Reproduce the whole listing below without its pictures, exactly as written.

* **PROVIDED DATA**
[Start of Attachment]
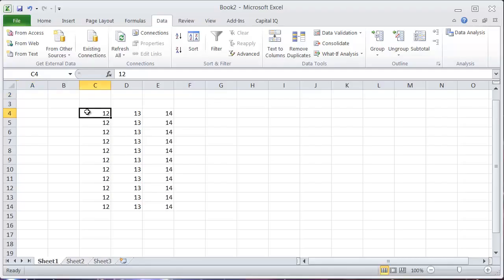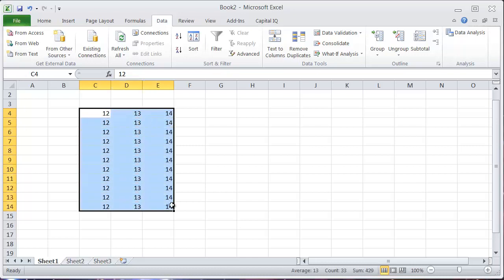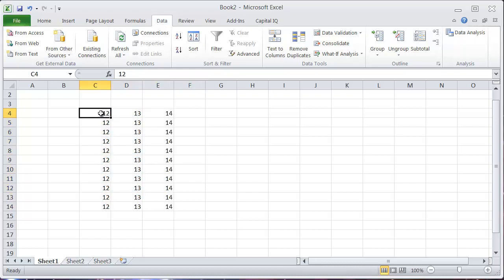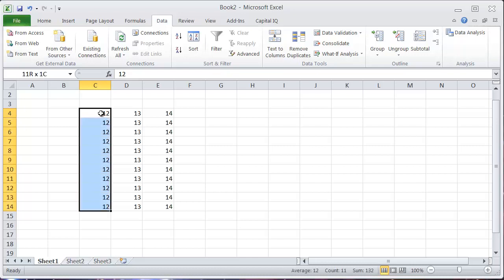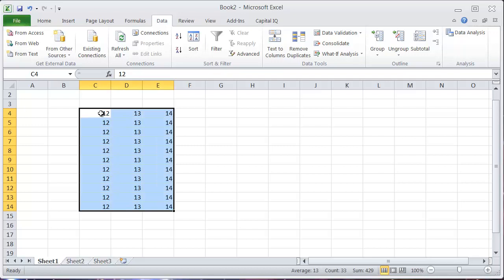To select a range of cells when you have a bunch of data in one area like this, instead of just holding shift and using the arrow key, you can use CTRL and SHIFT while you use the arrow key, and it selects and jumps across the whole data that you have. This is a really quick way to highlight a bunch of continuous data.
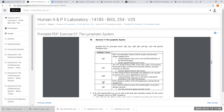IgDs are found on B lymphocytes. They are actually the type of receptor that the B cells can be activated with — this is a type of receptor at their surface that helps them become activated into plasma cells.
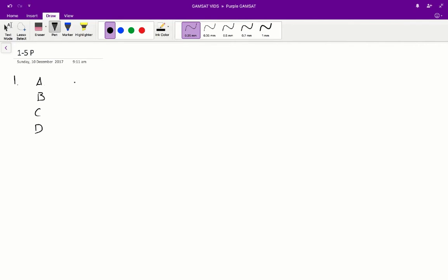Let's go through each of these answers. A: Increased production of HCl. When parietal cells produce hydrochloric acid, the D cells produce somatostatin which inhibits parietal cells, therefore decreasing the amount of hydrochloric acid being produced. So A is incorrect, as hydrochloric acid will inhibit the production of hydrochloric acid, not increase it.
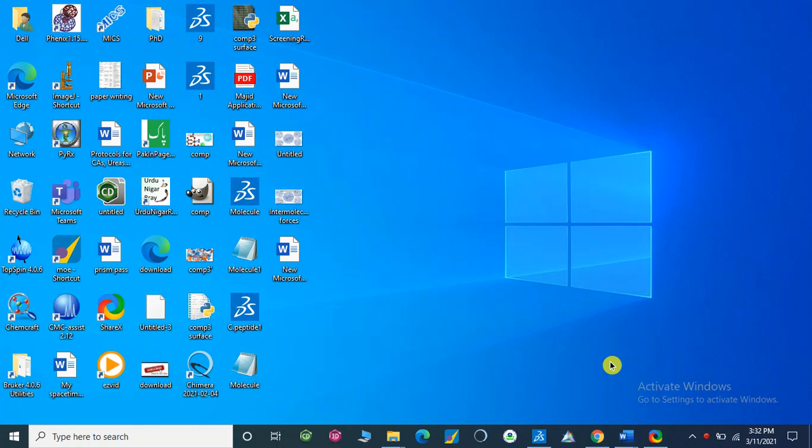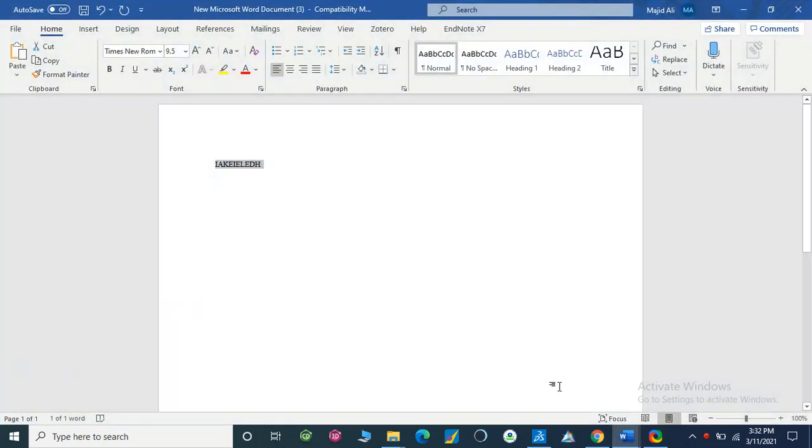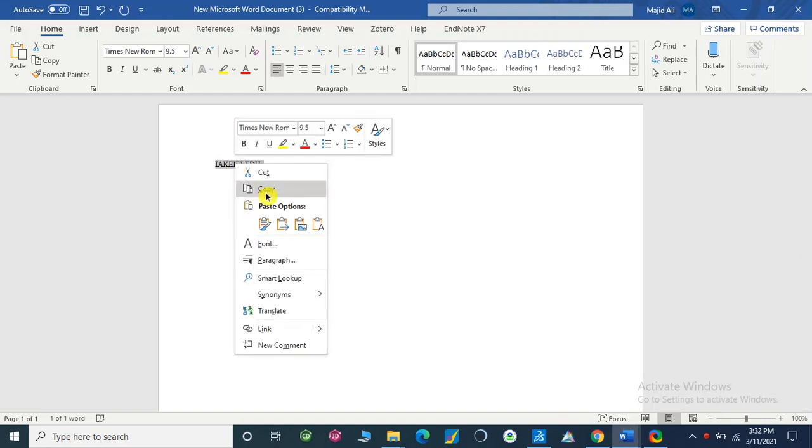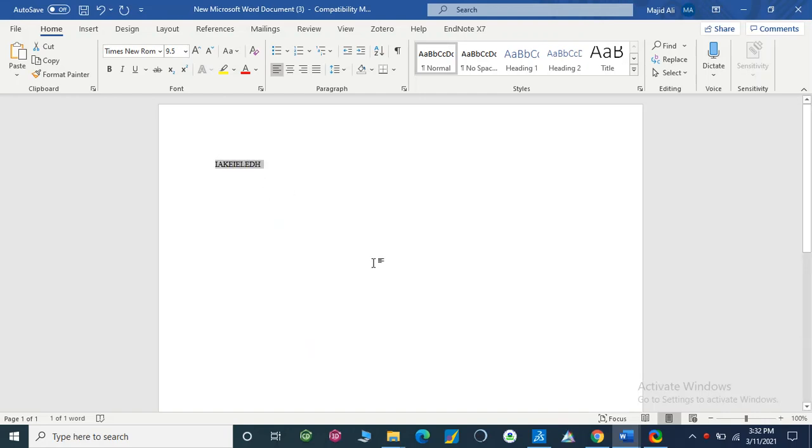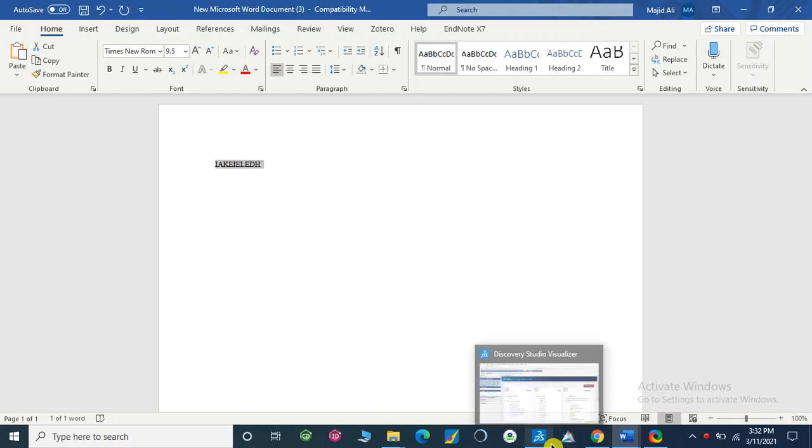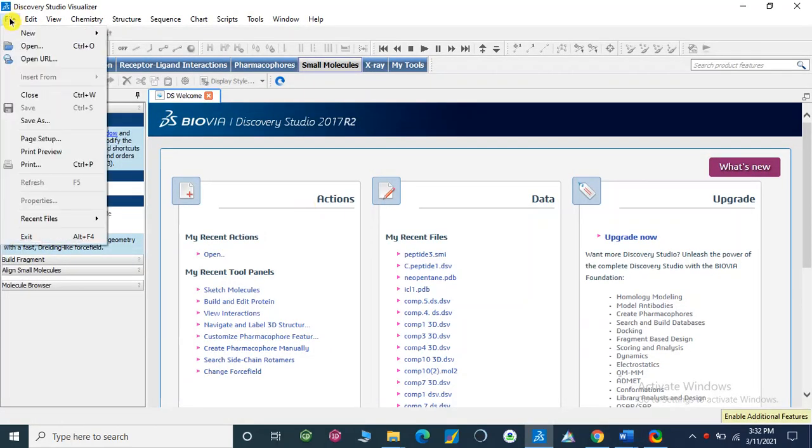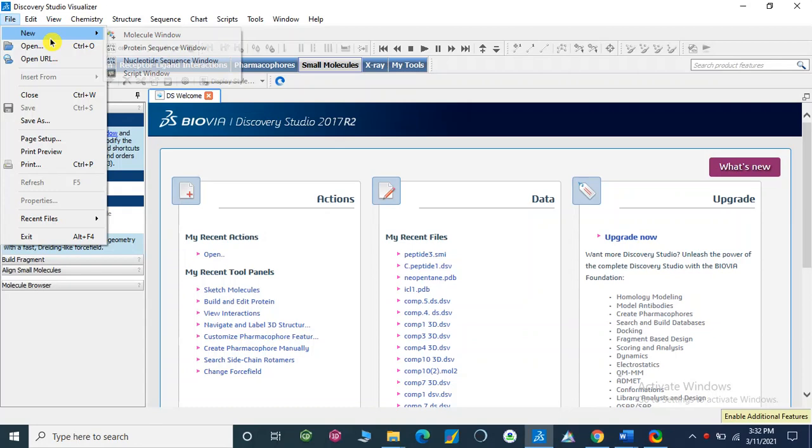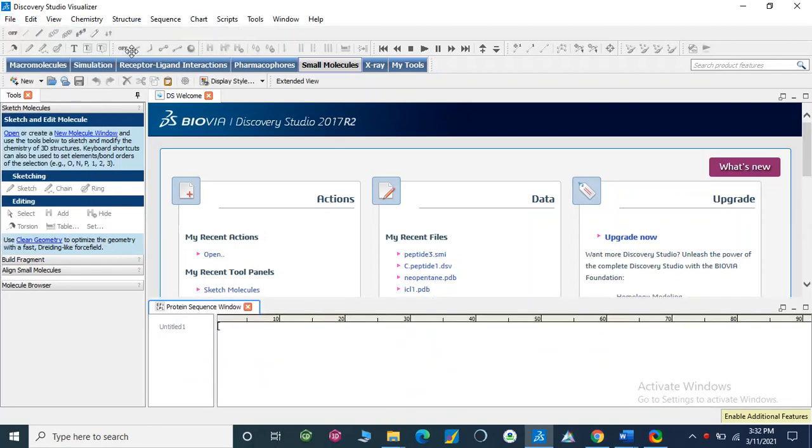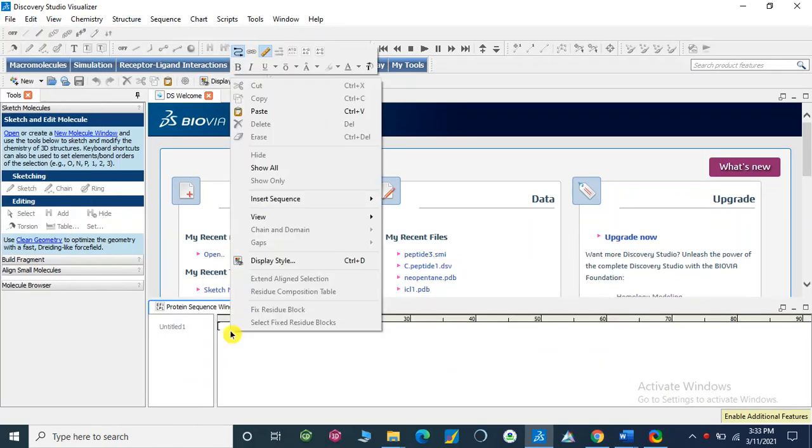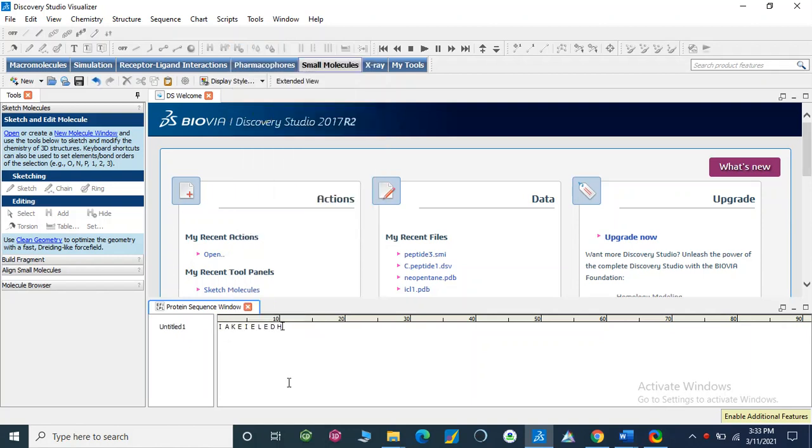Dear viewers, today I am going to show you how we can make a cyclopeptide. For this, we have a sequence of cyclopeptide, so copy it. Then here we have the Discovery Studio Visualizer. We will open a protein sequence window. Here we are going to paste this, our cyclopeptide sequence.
[End of Attachment]
* **RESULT OF THIS TASK**
To select a range of cells when you have a bunch of data in one area like this, instead of just holding shift and using the arrow key, you can use CTRL and SHIFT while you use the arrow key, and it selects and jumps across the whole data that you have. This is a really quick way to highlight a bunch of continuous data.
IgDs are found on B lymphocytes. They are actually the type of receptor that the B cells can be activated with — this is a type of receptor at their surface that helps them become activated into plasma cells.
Let's go through each of these answers. A: Increased production of HCl. When parietal cells produce hydrochloric acid, the D cells produce somatostatin which inhibits parietal cells, therefore decreasing the amount of hydrochloric acid being produced. So A is incorrect, as hydrochloric acid will inhibit the production of hydrochloric acid, not increase it.
Dear viewers, today I am going to show you how we can make a cyclopeptide. For this, we have a sequence of cyclopeptide, so copy it. Then here we have the Discovery Studio Visualizer. We will open a protein sequence window. Here we are going to paste this, our cyclopeptide sequence.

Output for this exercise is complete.